Herstelwerkzaamheden aan de Waterlandse
Zeedijk na de watersnoodramp van 1916.
Een zinkstuk van wilgehout wordt met steen
verzwaard.
Dat de provincie voor deze constructie koos is niet zo
verwonderlijk: het lag helemaal in de lijn van de tijd.

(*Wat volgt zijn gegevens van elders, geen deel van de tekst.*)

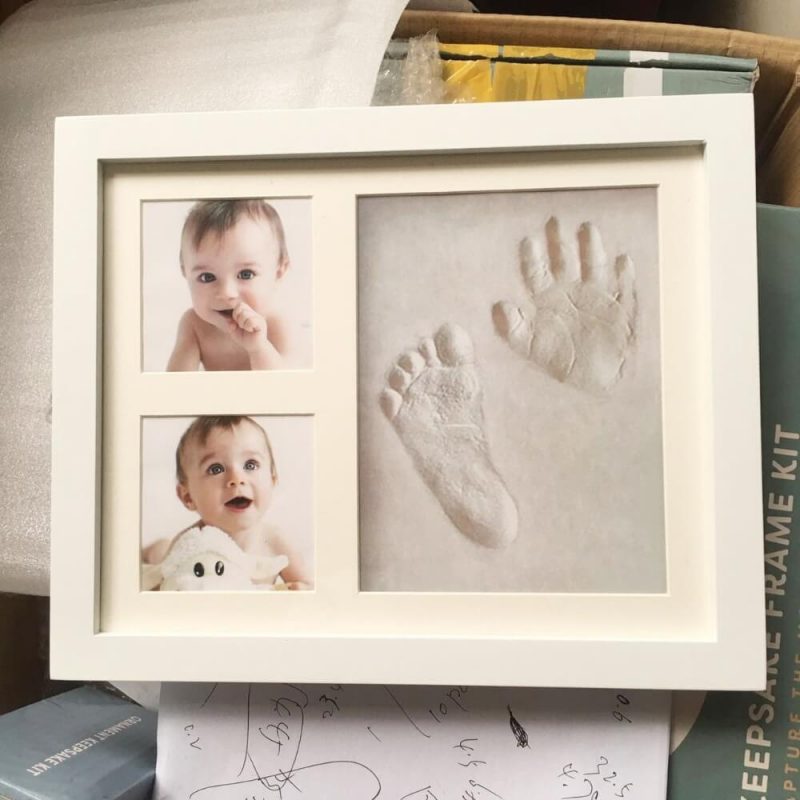 Clay Baby Footprints and Frame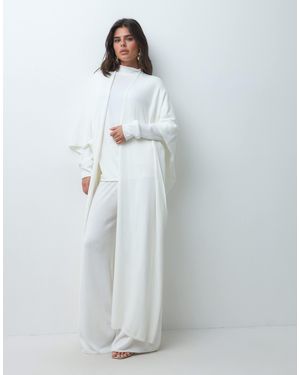 Iyal Ensemble 2 pièces en maille ultra douce sans manches long couleur crème - Blanc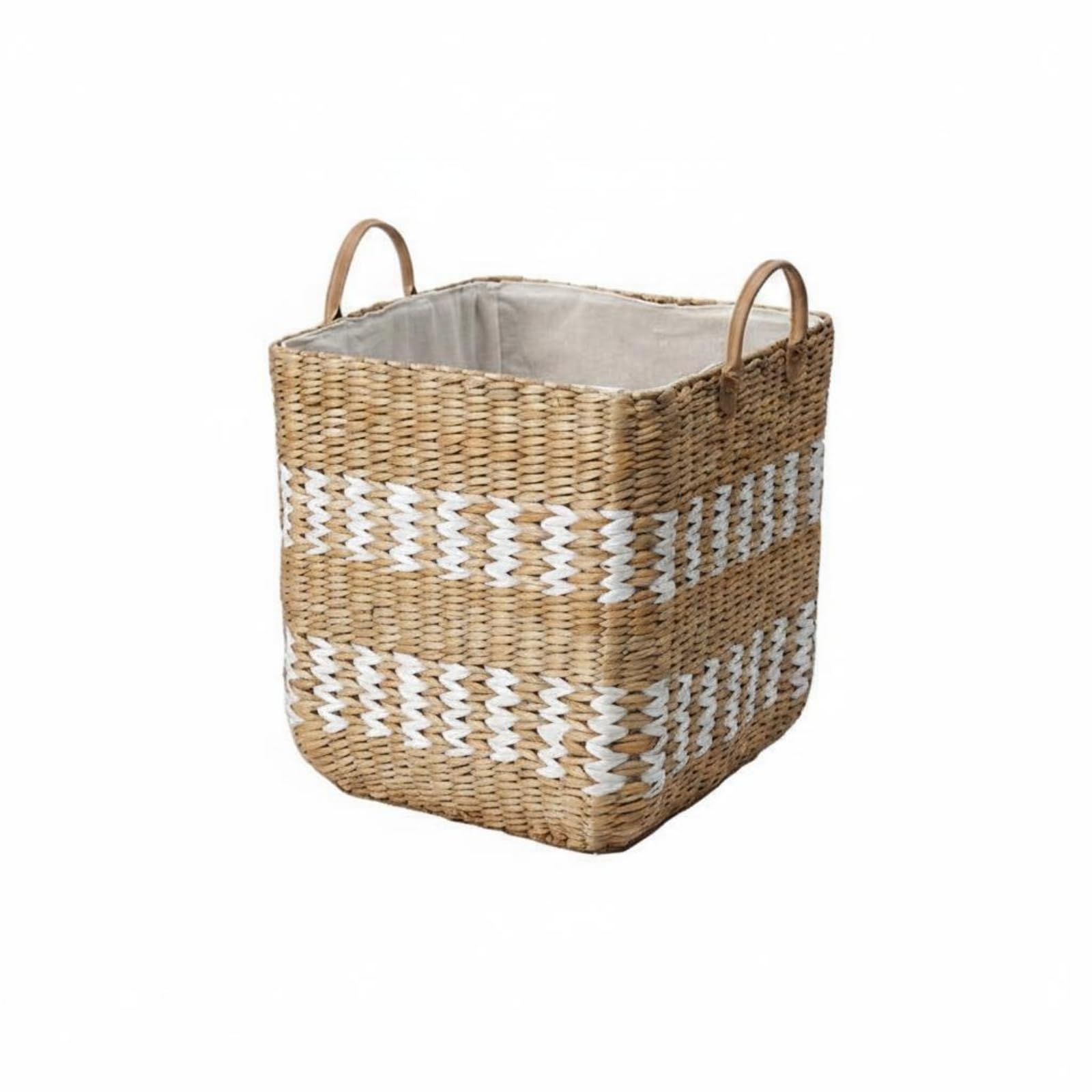 Cesto Porta Biancheria Cestino Organizer Contenitore in Stile Intrecciato Struttura Solida Liner Rimovibile Manici Confortevoli per Trasporto Adatto per Bucato Guardaroba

Vóór de Eerste Wereldoorlog hield zeker de provinciale
overheid van Noord-Holland zich maar heel weinig actief
bezig met waterstaat. Provinciale kanalen waren er niet,
en aan provinciale wegen bestond nog geen tien
kilometer26. Wat in 1919 met de stichting van het nieuwe
hoogheemraadschap gebeurde is kenmerkend voor
de overgang van de 19de naar de 20ste eeuw in heel
Nederland. De liberale 19de eeuw liep ten einde;
geleidelijk nam de overheid haar leidinggevende taak op
zich. Ze deed dat echter niet rechtstreeks, maar in nauwe
samenwerking met het bedrijfsleven: de leidinggevende
taak werd in een aantal gevallen geheel of gedeeltelijk aan
door het bedrijfsleven daartoe in het leven geroepen
organisaties gedelegeerd27.
De gekortwiekte zeewerende waterschappen van Noord-
Holland moesten natuurlijk wel in de kosten van het
nieuwe hoogheemraadschap bijdragen en hadden ook een
bijdrage te leveren in de kosten van de watersnood-
leningen-1916, voorzover de provincie die gedurende
vijftig jaar (1921-1970) aan het hoogheemraadschap in
rekening zou brengen.
Pas in 1970 zijn de zeer impopulaire watersnoodskosten
beëindigd28. In datzelfde jaar werd de omslagheffing door
Noorderkwartier gemoderniseerd.
Inmiddels was toen een volgende watersnoodramp al
bijna twintig jaar verleden tijd.
Gelukkig is Noord-Holland in de nacht van 31 januari op
1 februari 1953 voor calamiteiten gespaard gebleven,
al kreeg Texel er behoorlijk van langs en heeft het er bij
de Hondsbossche echt om gespannen.
Maar ook na 1953 kwam er nog geen einde aan aan de
problemen. In i960 liep Tuindorp Oostzaan onder water.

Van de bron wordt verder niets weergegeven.